<< Weekly Status Report, W33/2011 | The roads I take... | 47 >>

Why Rapid Releases Can Improve Stability

I have mentioned a few times, mostly in newsgroup discussions, that I strongly believe that the rapid release model Firefox is following now has a good chance to improve stability.

Some people without a deeper knowledge of how our new process works have at times implied that releasing way more often must make the product more unstable and worse quality than the one or two year cycles we had before. Given my multi-year experience in release management of a Mozilla product (SeaMonkey) and along with that insight into Firefox release management of the last few versions up to and including Firefox 4, my comparison of those experiences with the new model point into the exact opposite direction: Stability and quality should actually improve the more we get used to this "train" model and also the more we near the prospected user volume on the different "channels".

"Traditional" Process

Let's first look at how things worked with the old process that we used so far, including for Firefox 4: New work landed in the code for more than a year with first having only nightly testers run it every day, later alpha/beta testers running snapshots created along the way that included fixes found in some internal QA in addition to the nightly testing, but that was it for the alphas and betas - and at the point where those got shipped, we already had land the next set of feature changes on top of the code shipped there. From the view of crash analysis, this meant that we had a smaller audience of nightly testers sending crash reports we could analyze and from that see the larger and more obvious regressions from daily changes.

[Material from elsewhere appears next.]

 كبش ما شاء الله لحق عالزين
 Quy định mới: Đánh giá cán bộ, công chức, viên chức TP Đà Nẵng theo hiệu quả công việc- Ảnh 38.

And then there was a larger audience of beta testers that sent more data, which allowed a look at what happened with somewhat more real-world usage, but as soon as we got some good data in on those betas, the code on nightly on the way to the next beta might already have changed significantly again. With that, the most grave issues could be addressed, but sometimes it was hard to see how relevant the data from even the current beta still was. This game went on until the final betas, with increasing urgency of getting things in that should still make the release at the last second, and of course us as well as testers seeing new regressions that needed to be fixed. The criteria for accepting things into the code was being tightened up a lot towards final release, but some new feature work or invasive changes could even still be rushed into the code almost to the last minute. And the pressure was high to "get this in now or wait at least another year until users get it", so even with release drivers tightening possible changes up, some of those could still be argued for. When we shipped the final release to the really larger user audience with more than a year of piled up feature work and fixes, we very soon, usually even directly on release day or the next day, already have a list of quite visible stability problems we needed to get fixed a couple of weeks out in a stability update.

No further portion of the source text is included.